Tue Sep 28 10:54:41 CEST 2010

Ah, I see the problem now, and can reproduce Tomaz's problem if I run cqp without "-e" (something one should _never_ do, of course ;-).  With command-line editing enabled, the newline is stripped before each command is passed to CQP.

In my book, cl_string_validate_encoding() should only be called on "object" strings and regular expressions passed to the CL, not on complete queries and input lines.

I recall adding the TAB-exception to INVALID_CTRL specifically so we could run it on the full input lines in cwb-encode, so I'm clearly not true to myself.  However, I don't think I had problems with the -C option like those reported by Peter, so perhaps his files have Windows line endings that don't get stripped properly on a Unix platform?

The easy solution is to make INVALID_CTRL more lenient so that it allows CR and LF characters as well -- that should cover everything that's allowed to pop up in CQP queries, right?

I think it would still be better to do the validation only for those strings that are actually used by CL functions.  I'm a little bit queasy about the use of QueryBuffer -- IIRC, that's a bad hack I designed for my macro expansion technique, and I've never been confident that the whole thing works correctly :-).

One negative side-effect is that filenames read and written from within CQP must be in the current corpus encoding.  If anything, we should force people to use ASCII filenames, but not e.g. Latin1 on a Mac OS X computer.  Any chance of improving the validation method in the mid to long run, or is that just too complicated?
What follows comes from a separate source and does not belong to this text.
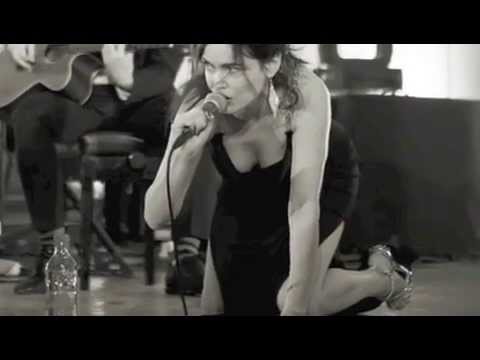 MARINA CELESTE -"my Baby Just cares for Me" Live acoustique ( COMIC JAZZ /SPECTACLE )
@Tomaz: If you get these error messages, that means your corpus encoding is not properly declared as "utf8", but rather as "latin1" (which may be implicitly set for an undeclared encoding?). Can you check your registry file or the output of CQP's "info" command?  Did you automatically generate the makefile with cwb-encode's -R option?  This is very much recommended to ensure consistency of the charset declaration.

Cheers,
Stefan

On 28 Sep 2010, at 10:18, Hardie, Andrew wrote:

> @Stefan - it's probably the INVALID_CTRL macro in special-chars. It
> treats anything under 0x20 as invalid, which I think you put in because
> you can't have \n or \r in CWB tokens. 
> 
> #define INVALID_CTRL(c) (c < 0x20 && c != 0x09)
> 
> BUT when that same function is used to validate query strings it will
> fail - they have a \n on the end because the user just pressed ENTER. I
> *think* that's it, anyway. The parser code is a source of immense and
> continuing mysrtery to me.
> 
> (Also, I believe I made cwb-encode run the validation check on entire
> input lines, not on individual tokens - so that may also now be a bug if
> the line break is not trimmed off before that happens.)